FIG. 5A illustrates stylus 203 relative to a touch-sensitive surface (e.g., touch screen 112 of device 100) from a viewpoint directly above the touch-sensitive surface, in accordance with some embodiments. In FIG. 5A, z axis 594 points out of the page (i.e., in a direction normal to a plane of touch screen 112), x axis 590 is parallel to a first edge (e.g., a length) of touch screen 112, y axis 592 is parallel to a second edge (e.g., a width) of touch screen 112, and y axis 592 is perpendicular to x axis 590.

FIG. 5A illustrates the tip of stylus 203 at (x,y) position 504. In some embodiments, the tip of stylus 203 is a terminus of the stylus configured for determining proximity of the stylus to a touch-sensitive surface (e.g., touch screen 112). In some embodiments, the projection of the tip of the stylus on the touch-sensitive surface is an orthogonal projection. In other words, the projection of the tip of the stylus on the touch-sensitive surface is a point at the end of a line from the stylus tip to the touch-sensitive surface that is normal to a surface of the touch-sensitive surface (e.g., (x,y) position 504 at which the tip of the stylus would touch the touch-sensitive surface if the stylus were moved directly along a path normal to the touch-sensitive surface). In some embodiments, the (x,y) position at the lower left corner of touch screen 112 is position (0,0) (e.g., (0,0) position 502) and other (x,y) positions on touch screen 112 are relative to the lower left corner of touch screen 112. Alternatively, in some embodiments, the (0,0) position is located at another position of touch screen 112 (e.g., in the center of touch screen 112) and other (x,y) positions are relative to the (0,0) position of touch screen 112.

Further, FIG. 5A illustrates stylus 203 with orientation 506. In some embodiments, orientation 506 is an orientation of a projection of stylus 203 onto touch screen 112 (e.g., an orthogonal projection of a length of stylus 203 or a line corresponding to the line between the projection of two different points of stylus 203 onto touch screen 112). In some embodiments, orientation 506 is relative to at least one axis in a plane parallel to touch screen 112. In some embodiments, orientation 506 is relative to a single axis in a plane parallel to touch screen 112 (e.g., axis 508, with a clockwise rotation angle from axis 508 ranging from 0 degrees to 360 degrees, as shown in FIG. 5A). Alternatively, in some embodiments, orientation 506 is relative to a pair of axes in a plane parallel to touch screen 112 (e.g., x axis 590 and y axis 592, as shown in FIG. 5A, or a pair of axes associated with an application displayed on touch screen 112).

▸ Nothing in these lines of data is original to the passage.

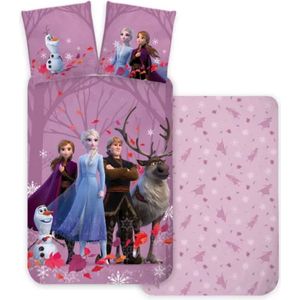 Frozen Dekbedovertrek Paars 100 X 135 Cm – 40 X 60 Cm (Katoen)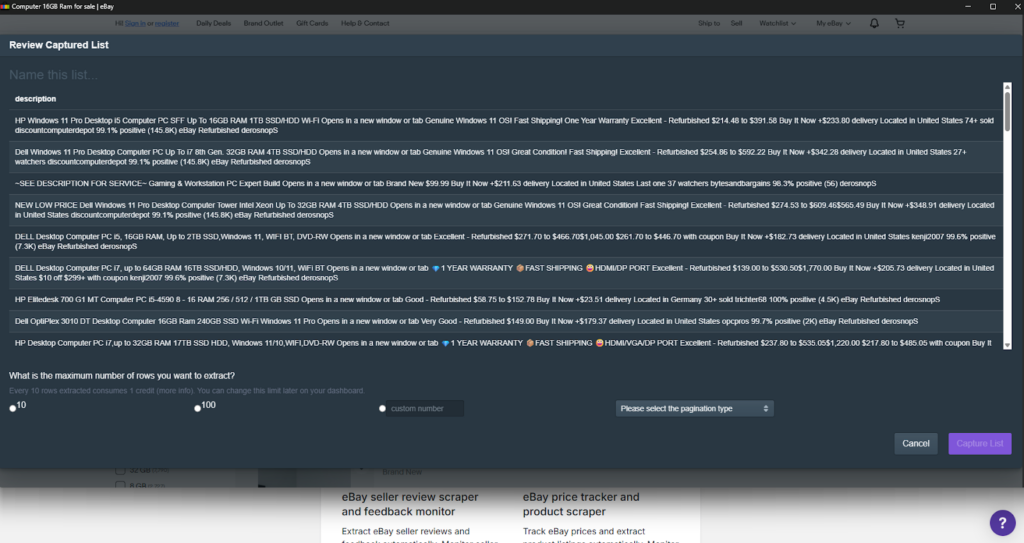 scraping ebay using BrowseAI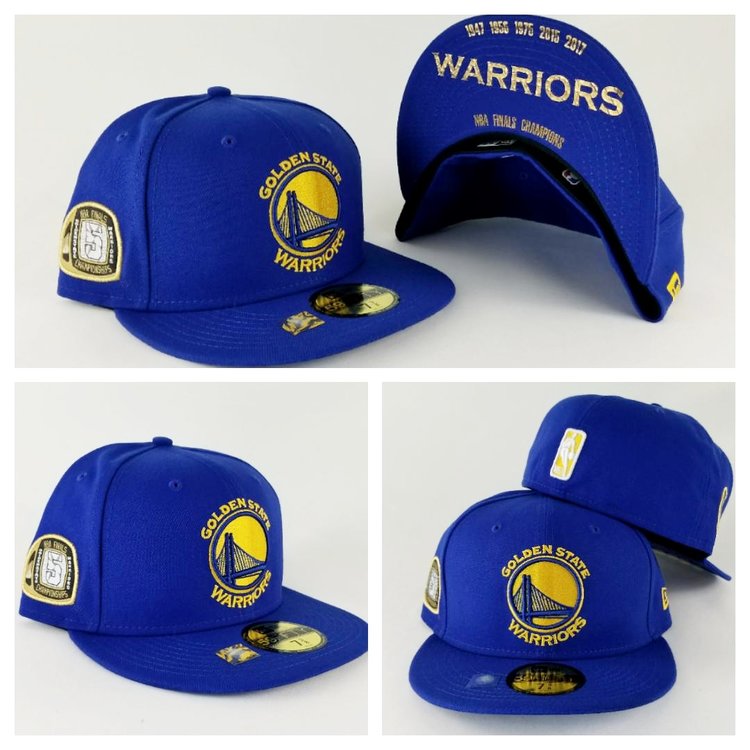 New Era Royal Blue Golden State Warriors 5 times Champions Ring 59Fifty Fitted Hat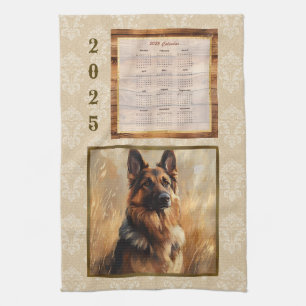 Toalla de calendario 2025 Pastor alemán Tan Damask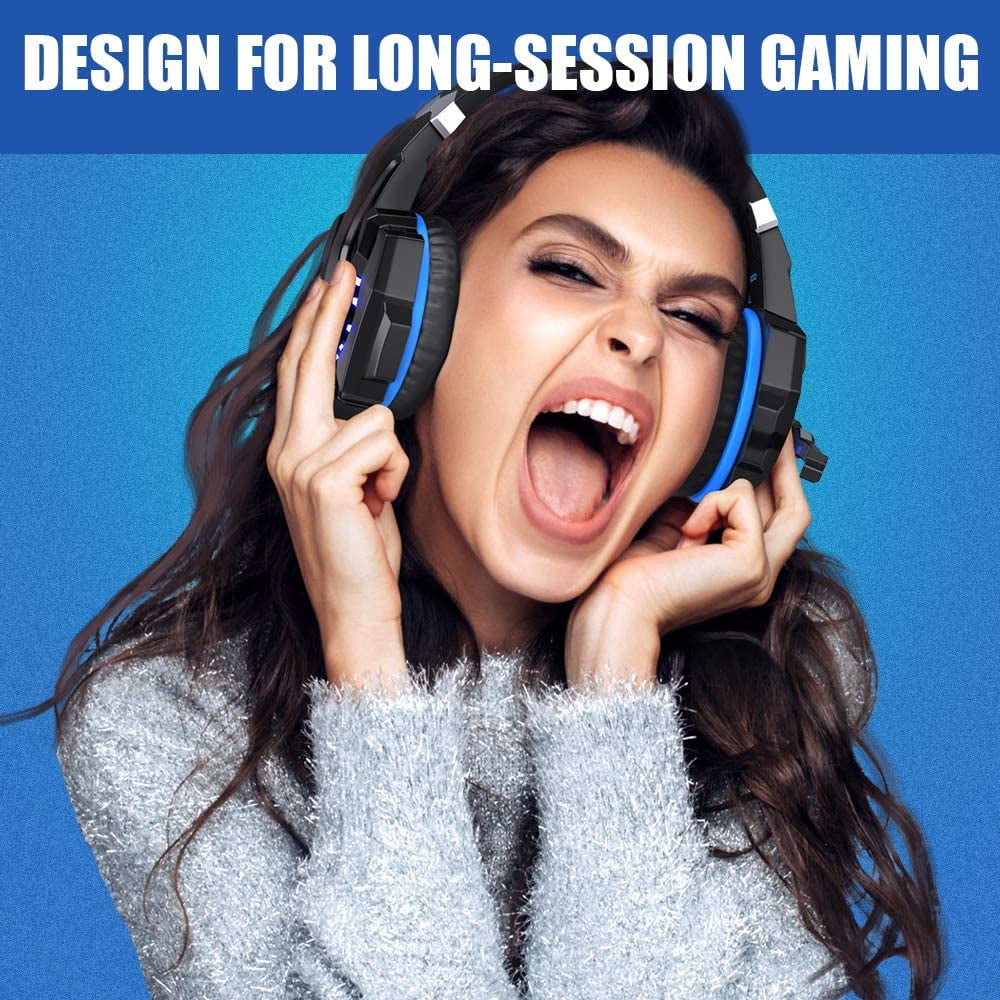 BENGOO G9000 Stereo Gaming Headset with Noise Cancelling Mic, LED Light, Bass Surround for PS4 PC Xbox One PS5 Controller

In some embodiments, an indication (e.g., indication 516) is displayed on a touch-sensitive display (e.g., touch screen 112 of device 100). In some embodiments, indication 516 shows where the stylus will touch (or mark) the touch-sensitive display before the stylus touches the touch-sensitive display. In some embodiments, indication 516 is a portion of a mark that is being drawn on the touch-sensitive display. In some embodiments, indication 516 is separate from a mark that is being drawn on the touch-sensitive display and corresponds to a virtual “pen tip” or other element that indicates where a mark will be drawn on the touch-sensitive display.

In some embodiments, indication 516 is displayed in accordance with the positional state of stylus 203. For example, in some circumstances, indication 516 is displaced from (x,y) position 504 (as shown in FIGS. 5A and 5B), and in other circumstances, indication 516 is not displaced from (x,y) position 504 (e.g., indication 516 is displayed at or near (x,y) position 504 when tilt 512 is zero degrees). In some embodiments, indication 516 is displayed, in accordance with the positional state of the stylus, with varying color, size (or radius or area), opacity, and/or other characteristics. In some embodiments, the displayed indication accounts for thickness of a glass layer on the touch-sensitive display, so as to carry through the indication “onto the pixels” of the touch-sensitive display, rather than displaying the indication “on the glass” that covers the pixels.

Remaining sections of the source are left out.